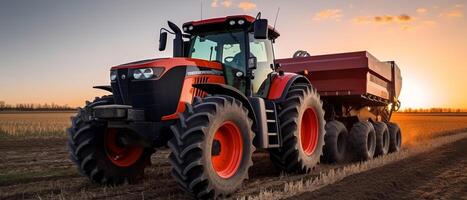 tractor en el granja - moderno agricultura equipo en campo foto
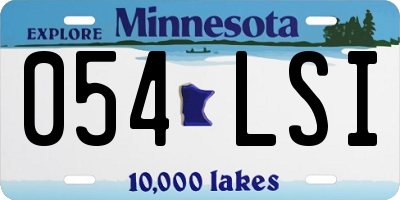 MN license plate 054LSI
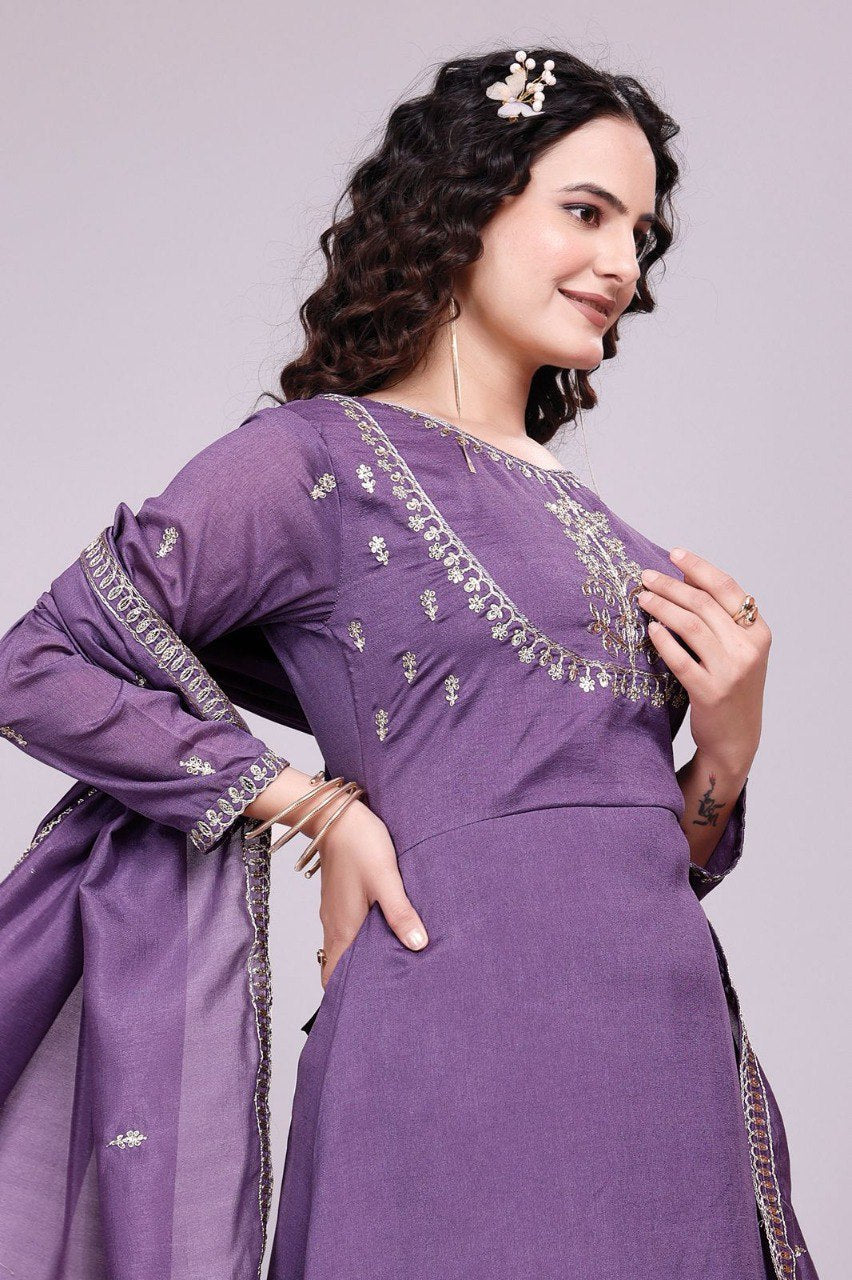 Prazu Fashion Lavender Vichitra Silk Embroidered Salwar Suit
--- --- ---
Print the listing word for word, but omit the pictures.

 tractor en el granja - moderno agricultura equipo en campo foto
 MN license plate 054LSI
 Prazu Fashion Lavender Vichitra Silk Embroidered Salwar Suit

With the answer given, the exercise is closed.